A friend of mine used to try to avoid rolling dice by giving extremely elaborate descriptions of his actions. Instead of saying "I try to sneak up on the guard and knock him out" like a sane person he divided it into 10+ very tiny actions that, individually, should not require a roll: standing still, being in a dark room, lifting one foot, looking at the ground and so on. "So, I see the guard. Yeah, now I lift one foot veeeeery slowly... There's nothing on the ground in front of me right? [head shake from the GM]... and set it down taking extreme care to not make any noise...
in the N2 module there are magic items hidden inside the stomach of cave beasts. It's an unpopular module; i just thought the idea of a player rummaging around the bowels of some dead gutted up beast to be some next level copper theif. Innards theif. Hue hue.
I've been the copper thief. It fit the character though. It was a goblin fighter/rogue "merchant" who was using all the stolen loot to arm the town militia pretty much everywhere we went. The DM lost it when I piled dead orc bodies into the loot wagon because "waste not, want not" didn't make sense to him. When I explained that I was trying to make a local goblin tribe friendly, he started to get it.
DnD, the 'lifestyle' mechanic is for disposing of mundane daily expenses based on what the character can afford. Fortunately having just one tool prof or marketable skill prof equates to a comfortable lifestyle. A party 'scrap book', a folder for the players handouts and team notes that stay with the DM for next session. Never loose a handout again if there is a standard place for them all to go and still be available for review later.

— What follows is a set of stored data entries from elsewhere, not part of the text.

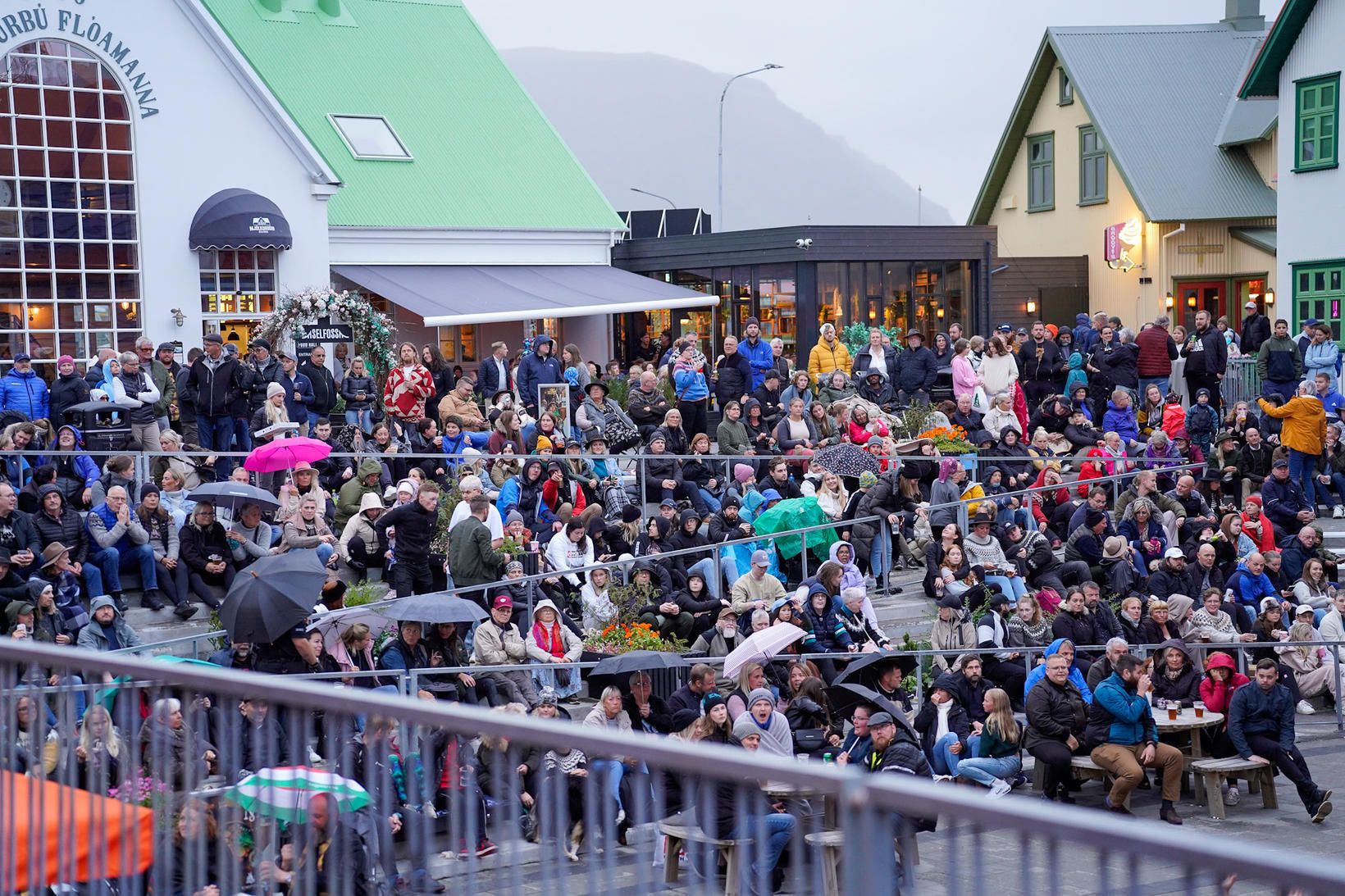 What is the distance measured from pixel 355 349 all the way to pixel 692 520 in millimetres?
9981

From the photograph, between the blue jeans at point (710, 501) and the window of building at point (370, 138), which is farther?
the window of building at point (370, 138)

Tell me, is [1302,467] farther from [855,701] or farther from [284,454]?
[284,454]

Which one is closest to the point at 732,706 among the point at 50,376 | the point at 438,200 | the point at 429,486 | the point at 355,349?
the point at 429,486

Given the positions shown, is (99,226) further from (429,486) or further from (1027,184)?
(1027,184)

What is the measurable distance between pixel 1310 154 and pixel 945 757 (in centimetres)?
1870

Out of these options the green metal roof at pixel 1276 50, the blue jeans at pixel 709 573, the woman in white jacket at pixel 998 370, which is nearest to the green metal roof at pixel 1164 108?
the green metal roof at pixel 1276 50

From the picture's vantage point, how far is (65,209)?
83.8ft

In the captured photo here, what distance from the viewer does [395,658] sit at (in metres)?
13.5

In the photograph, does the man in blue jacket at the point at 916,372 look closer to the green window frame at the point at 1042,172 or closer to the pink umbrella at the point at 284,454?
the pink umbrella at the point at 284,454

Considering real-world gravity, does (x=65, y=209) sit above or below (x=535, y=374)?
above

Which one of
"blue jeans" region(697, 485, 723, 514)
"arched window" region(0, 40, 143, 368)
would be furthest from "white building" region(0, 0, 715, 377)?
"blue jeans" region(697, 485, 723, 514)

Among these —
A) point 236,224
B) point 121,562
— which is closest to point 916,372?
point 236,224

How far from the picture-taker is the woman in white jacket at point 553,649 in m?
14.6

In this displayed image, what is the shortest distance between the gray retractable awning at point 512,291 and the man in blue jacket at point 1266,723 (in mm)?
17170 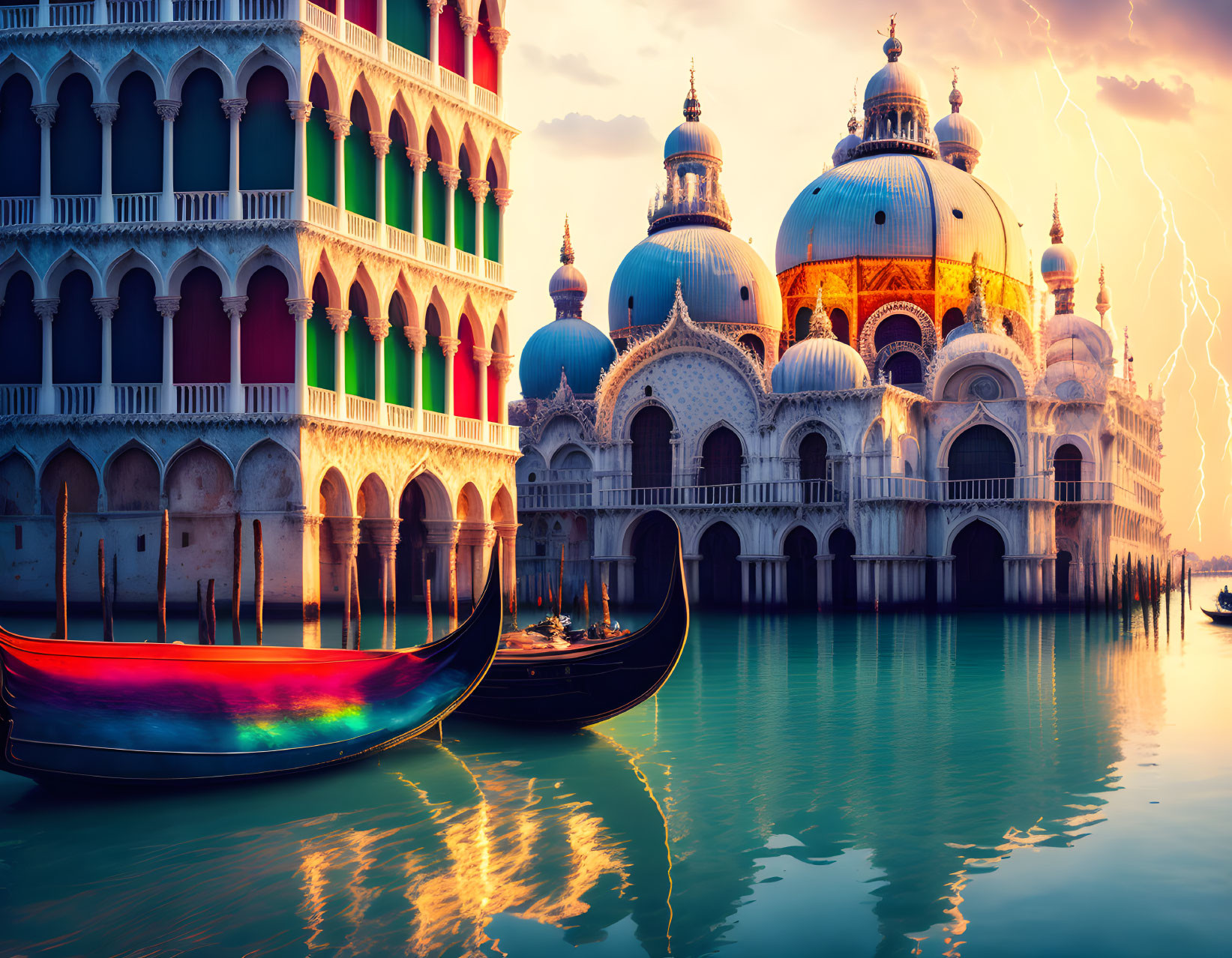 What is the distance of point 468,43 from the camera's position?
26.8m

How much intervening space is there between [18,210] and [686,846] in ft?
65.7

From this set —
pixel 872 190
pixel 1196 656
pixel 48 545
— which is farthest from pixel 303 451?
pixel 872 190

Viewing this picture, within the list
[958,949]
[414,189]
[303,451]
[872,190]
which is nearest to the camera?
[958,949]

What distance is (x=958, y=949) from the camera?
6.86m

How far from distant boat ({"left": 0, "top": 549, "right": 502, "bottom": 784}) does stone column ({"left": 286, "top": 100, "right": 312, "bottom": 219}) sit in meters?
12.4

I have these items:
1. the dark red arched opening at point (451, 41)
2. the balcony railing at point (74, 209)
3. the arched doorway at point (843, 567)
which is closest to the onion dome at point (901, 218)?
the arched doorway at point (843, 567)

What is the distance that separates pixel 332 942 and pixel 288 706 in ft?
14.2

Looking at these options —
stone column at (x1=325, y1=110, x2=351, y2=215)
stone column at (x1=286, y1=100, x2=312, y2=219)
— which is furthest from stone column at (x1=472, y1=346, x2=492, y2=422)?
stone column at (x1=286, y1=100, x2=312, y2=219)

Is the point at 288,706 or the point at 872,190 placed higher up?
the point at 872,190

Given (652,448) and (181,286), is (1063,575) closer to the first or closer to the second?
(652,448)

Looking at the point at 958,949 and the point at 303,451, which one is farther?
the point at 303,451

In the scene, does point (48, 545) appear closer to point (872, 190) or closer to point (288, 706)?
point (288, 706)

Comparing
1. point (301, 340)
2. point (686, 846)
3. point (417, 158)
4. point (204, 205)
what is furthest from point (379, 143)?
point (686, 846)

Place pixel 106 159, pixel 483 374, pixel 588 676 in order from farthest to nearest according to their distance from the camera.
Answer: pixel 483 374
pixel 106 159
pixel 588 676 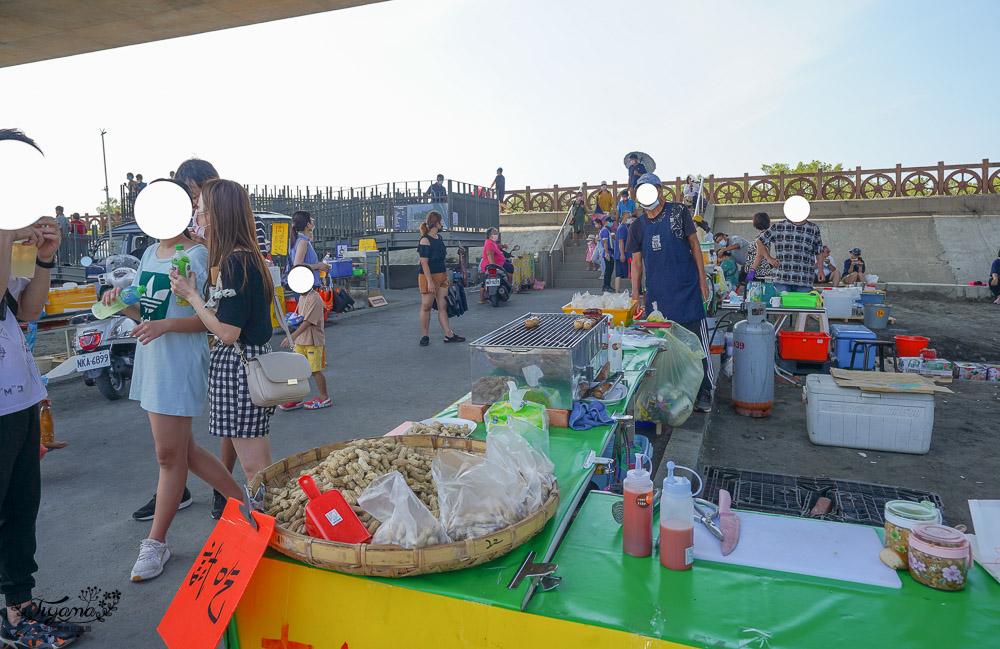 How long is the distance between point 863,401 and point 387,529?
4.70 meters

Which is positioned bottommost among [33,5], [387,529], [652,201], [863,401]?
[863,401]

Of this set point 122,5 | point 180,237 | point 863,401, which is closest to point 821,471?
point 863,401

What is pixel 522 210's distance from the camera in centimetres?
2722

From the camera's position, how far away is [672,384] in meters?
4.84

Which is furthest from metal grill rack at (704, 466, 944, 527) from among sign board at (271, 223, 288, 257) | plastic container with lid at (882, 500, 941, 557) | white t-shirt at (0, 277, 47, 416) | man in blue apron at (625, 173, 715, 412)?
sign board at (271, 223, 288, 257)

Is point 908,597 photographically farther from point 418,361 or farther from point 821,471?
point 418,361

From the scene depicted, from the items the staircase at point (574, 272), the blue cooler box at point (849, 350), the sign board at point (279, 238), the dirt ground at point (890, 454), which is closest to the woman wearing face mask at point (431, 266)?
the sign board at point (279, 238)

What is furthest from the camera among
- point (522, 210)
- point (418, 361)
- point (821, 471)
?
point (522, 210)

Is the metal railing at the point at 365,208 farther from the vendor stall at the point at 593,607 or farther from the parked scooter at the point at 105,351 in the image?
the vendor stall at the point at 593,607

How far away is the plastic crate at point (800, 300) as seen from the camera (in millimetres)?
7066

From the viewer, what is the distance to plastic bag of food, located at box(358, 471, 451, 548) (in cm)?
169

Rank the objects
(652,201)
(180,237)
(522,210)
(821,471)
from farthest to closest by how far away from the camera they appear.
Result: (522,210), (652,201), (821,471), (180,237)

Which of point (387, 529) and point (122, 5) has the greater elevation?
point (122, 5)

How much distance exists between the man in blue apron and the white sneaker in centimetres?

I think the "make the player right instead of what you planned" advice is directed to when the players come up with a BETTER plot than you did, not when they just go out in left field and start wandering around randomly. I've done the first plenty of times, but I'd never do the second.
Players who never shut up and monopolize the dm's time. One of my oldest friends does this and it drives me crazy. Makes it hard to play with him. Personally I think he should just always be the dm. Kind of alleviates the problem.
Excellent. I was worried when writing it that I wasn't capturing the true feel of having a Numbers Thrower, and viewers would be all, "Eh, that's not so bad."
The problem with the people who make assumptions is they don't realize they're assumptions; they think it's the facts. And when they are wrong it inevitably breaks into an argument. I have had someone insist so many times "it doesn't work that way" and cause a rules check mid-fight instead of just listening to the GM.
I know the "copper thief" as the "boot bum" - he was actually stealing the boots from dead security guys to sell them off for spare change. The group got so annoyed with him micromanaging his loot that I put him in prison for murder and robbery because he was spreading evidence against him all over the city and had his appartment filled with bloody boots and other clothing items.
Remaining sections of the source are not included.